I costi - Lo studio è tanto avveniristico quanto oneroso. Complessivamente l'opera dovrebbe arrivare a costare circa 60 milioni di dollari; di questi, venti sono stati garantiti dal governo aussie, gli altri quaranta da investimenti privati. La cifra consentirà innanzitutto di creare il Cooperative Research Centre (Centro di Ricerca Cooperativa), polo dove si svolgeranno gli esperimenti del caso.
I rischi - Matthew Colless, direttore della Scuola di Astronomia e Astrofisica dell'università, ha ipotizzato che il laser potrebbe essere operativo entro dieci anni. "Siamo forse solo ad un paio di decenni di distanza da una cascata di collisioni catastrofiche", ha annunciato Colless. Il materiale vagante infatti è altamente pericoloso per i satelliti lanciati più di recente. Il tempo stringe, lo spazio attorno alla Terra è sempre più intasato da detriti di ogni tipo che potrebbero entrare in collisione ad alta velocità con i satelliti attualmente attivi.

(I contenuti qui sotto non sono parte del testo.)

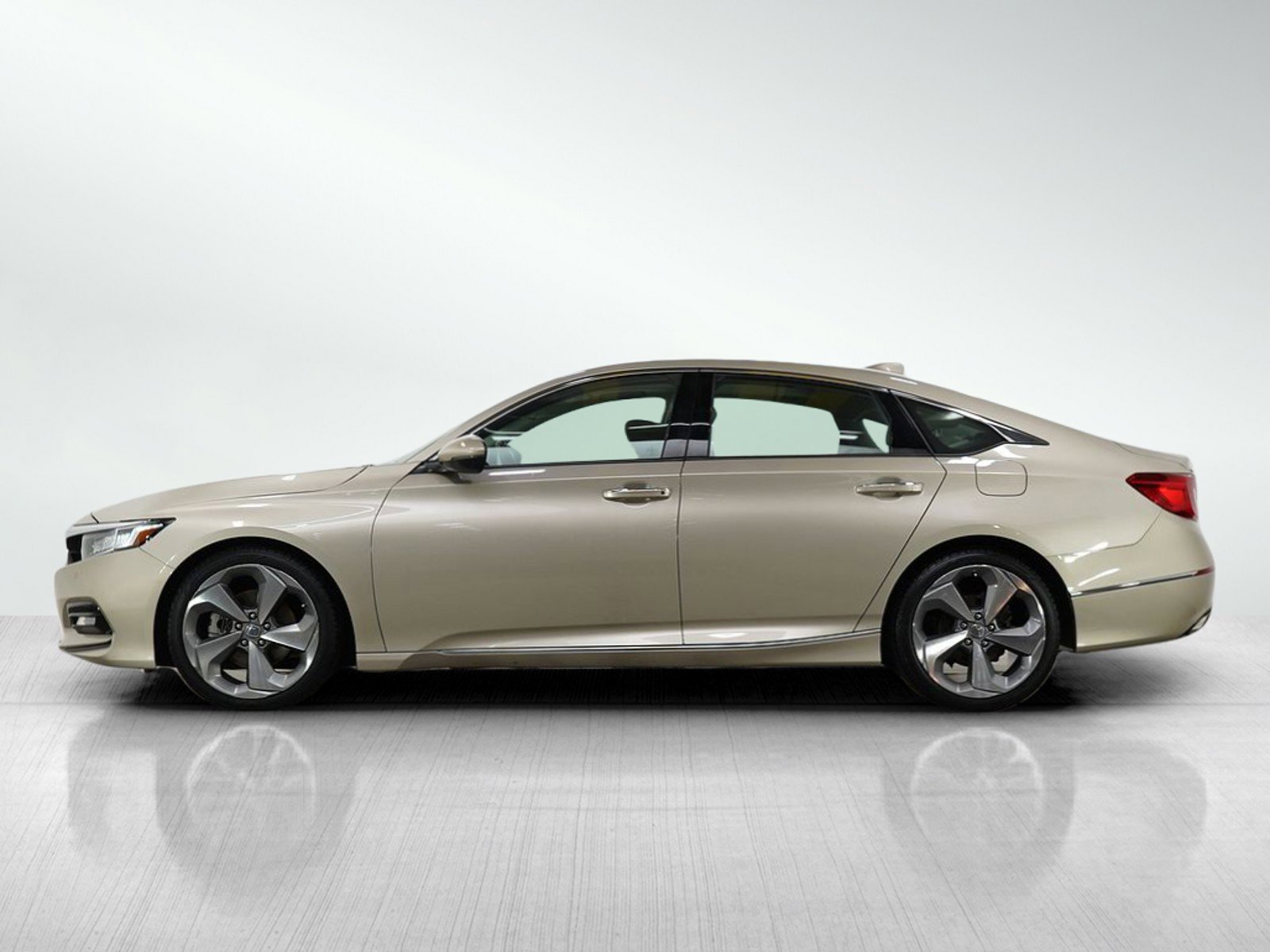 Used 2018 Honda Accord Touring with VIN 1HGCV1F90JA004458 for sale in Burnsville, Minnesota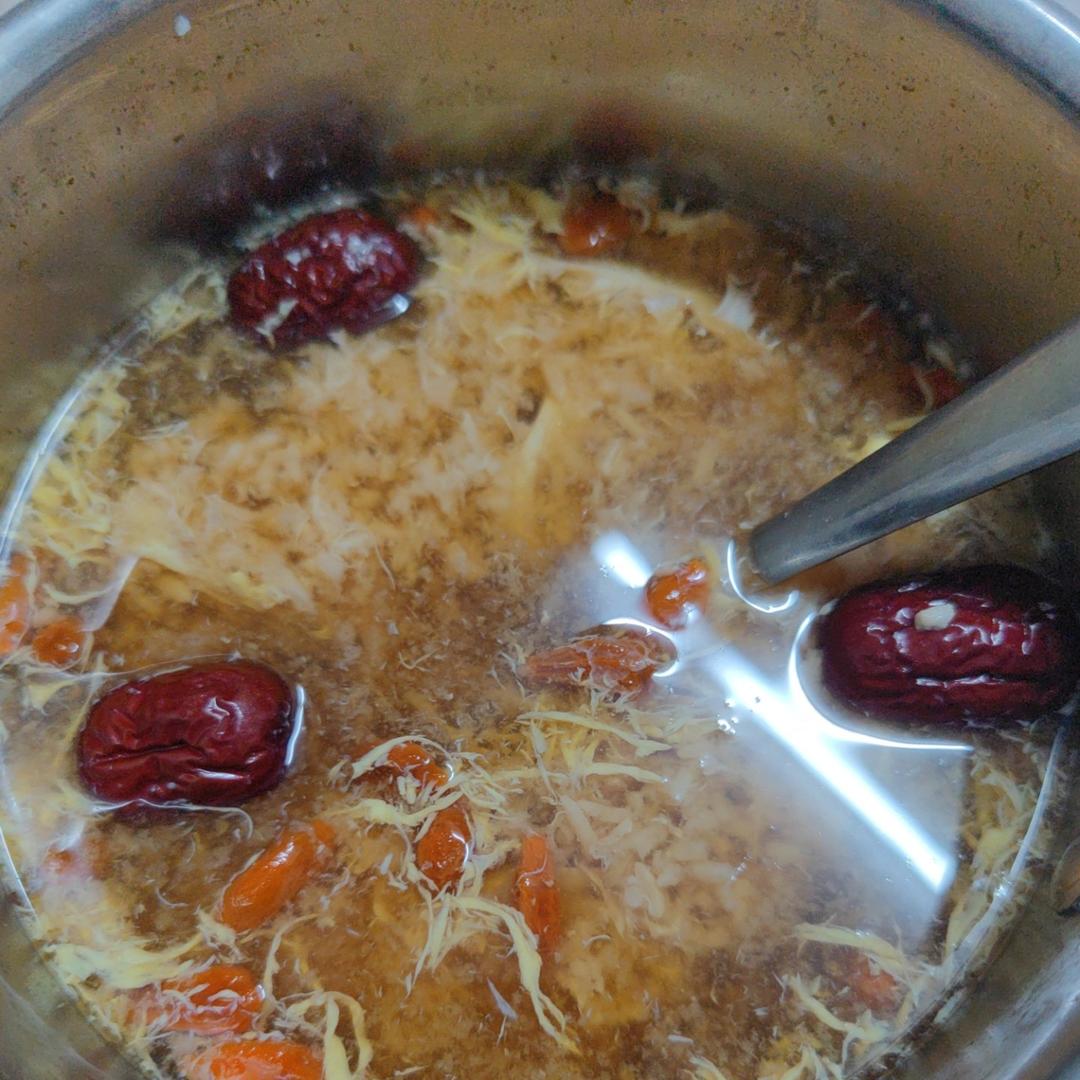 阿胶甜酒桂圆红枣枸杞红糖冲蛋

C'è anche la Nasa - Per questo, come riporta l'Independent, è necessario un intervento il più preciso possibile. La Nasa è entrata in contatto con gli australiani per mappare il materiale orbitante e pianificare le operazioni. Questa fase preliminare si sta svolgendo con un telescopio sul Monte Stromlo, vicino a Canberra. I pezzi individuati saranno così colpiti dal raggio laser e bruceranno senza rischi nell'atmosfera, secondo la teoria dei ricercatori. Il passo successivo sarà quello di creare una rete globale di stazioni d'osservazione, simile a quella che verrà istituita in Australia.